今季は3Pの平均試投数が31.2から29.6 へと減少し、2Pのそれが7本近くも増えている。10月18-19日に東急ドレッセとどろきアリーナで行われた対川崎ブレイブサンダースとの試合の際、デニスHCは陣容とプレースタイルの変更が関係していると述べている。
「よりインサイド系の選手を加えたことは、(昨季は)弱みとなっていたリバウンドでリーグ首位となっていることなどでも効果は明らかです。また、昨季の私たちは3Pシュートにやや頼りすぎていたとも感じています」(デニスHC)
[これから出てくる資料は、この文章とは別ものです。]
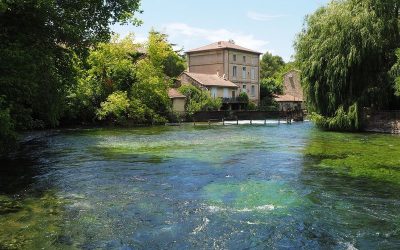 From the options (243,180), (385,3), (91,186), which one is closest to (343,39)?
(385,3)

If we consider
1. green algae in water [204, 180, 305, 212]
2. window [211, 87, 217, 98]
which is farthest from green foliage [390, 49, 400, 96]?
window [211, 87, 217, 98]

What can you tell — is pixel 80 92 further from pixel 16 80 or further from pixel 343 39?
pixel 16 80

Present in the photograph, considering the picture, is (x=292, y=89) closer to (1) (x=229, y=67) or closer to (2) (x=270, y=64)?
(1) (x=229, y=67)

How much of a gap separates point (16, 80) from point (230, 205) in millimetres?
9158

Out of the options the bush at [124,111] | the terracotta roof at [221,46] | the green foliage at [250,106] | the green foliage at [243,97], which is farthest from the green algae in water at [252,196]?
the terracotta roof at [221,46]

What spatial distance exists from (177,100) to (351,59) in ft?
95.2

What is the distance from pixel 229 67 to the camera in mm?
76000

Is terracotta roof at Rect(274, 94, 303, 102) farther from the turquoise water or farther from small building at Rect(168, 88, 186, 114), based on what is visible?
the turquoise water

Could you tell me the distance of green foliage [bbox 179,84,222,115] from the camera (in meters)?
60.7

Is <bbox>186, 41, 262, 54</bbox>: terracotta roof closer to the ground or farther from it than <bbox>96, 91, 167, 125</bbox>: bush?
farther from it

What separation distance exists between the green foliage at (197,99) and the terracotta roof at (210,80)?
264 centimetres

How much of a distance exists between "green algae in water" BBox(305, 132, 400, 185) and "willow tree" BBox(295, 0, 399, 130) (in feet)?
27.7

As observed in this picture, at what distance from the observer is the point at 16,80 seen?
50.4ft

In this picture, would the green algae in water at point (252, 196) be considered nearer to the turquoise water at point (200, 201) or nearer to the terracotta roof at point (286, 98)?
the turquoise water at point (200, 201) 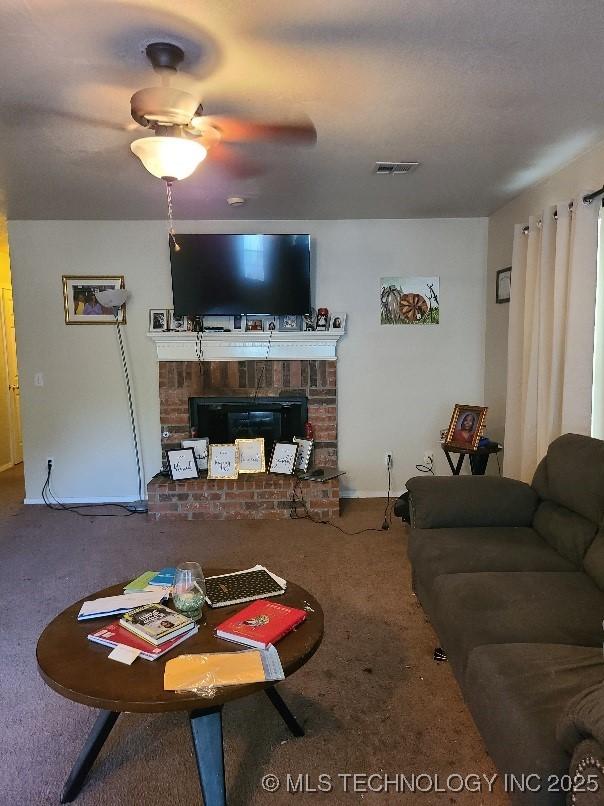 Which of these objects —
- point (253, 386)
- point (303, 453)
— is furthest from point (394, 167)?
point (303, 453)

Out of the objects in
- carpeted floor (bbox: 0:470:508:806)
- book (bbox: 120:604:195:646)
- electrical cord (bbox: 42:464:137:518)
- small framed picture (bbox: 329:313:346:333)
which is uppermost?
small framed picture (bbox: 329:313:346:333)

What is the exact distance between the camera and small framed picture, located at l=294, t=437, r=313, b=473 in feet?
13.7

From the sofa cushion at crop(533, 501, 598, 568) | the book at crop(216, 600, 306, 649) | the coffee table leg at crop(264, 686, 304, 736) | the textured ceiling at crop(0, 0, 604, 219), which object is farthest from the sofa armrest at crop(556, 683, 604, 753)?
the textured ceiling at crop(0, 0, 604, 219)

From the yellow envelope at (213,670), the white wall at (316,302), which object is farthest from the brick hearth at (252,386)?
the yellow envelope at (213,670)

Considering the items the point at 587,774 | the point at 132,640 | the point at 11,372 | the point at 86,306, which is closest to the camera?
the point at 587,774

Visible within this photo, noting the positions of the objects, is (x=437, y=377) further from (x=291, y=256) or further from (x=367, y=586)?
(x=367, y=586)

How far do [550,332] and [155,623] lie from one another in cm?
261

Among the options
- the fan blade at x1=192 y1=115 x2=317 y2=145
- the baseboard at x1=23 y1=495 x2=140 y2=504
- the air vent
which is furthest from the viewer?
the baseboard at x1=23 y1=495 x2=140 y2=504

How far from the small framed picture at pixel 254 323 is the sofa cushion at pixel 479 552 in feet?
7.69

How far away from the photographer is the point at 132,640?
150cm

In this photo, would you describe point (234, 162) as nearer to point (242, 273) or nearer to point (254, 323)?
point (242, 273)

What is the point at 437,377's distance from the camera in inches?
172

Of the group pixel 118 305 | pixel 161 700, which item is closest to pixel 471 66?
pixel 161 700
好調の要因を分析するショーン・デニスHC‐永瀬和志撮影
3Pに関して、今季ここまでの名古屋ダイヤモンドドルフィンズの成功率はB1で22位の29.0%と良くない。それでも好成績を挙げられているのは、インサイドやリバウンドでもたらされている安定感によるものだとデニスHCは言う。同氏いわく、昨季は3Pの良し悪しが試合の結果に影響しすぎたということだ。
チームの中核の1人で今季は主将に任命された今村も、「適材適所ですばらしい選手が集まった」と編成面で良い選手構成ができたことを好調の理由とした。今季はアーロン・ヘンリーがファイティングイーグルス名古屋から移籍してきたことも大きい。彼やマーフィー、張本といった複数のポジションを担うことができる人材が増えたことで、さまざまな相手、状況に対応することができるようになったことは明らかな強みとなっている。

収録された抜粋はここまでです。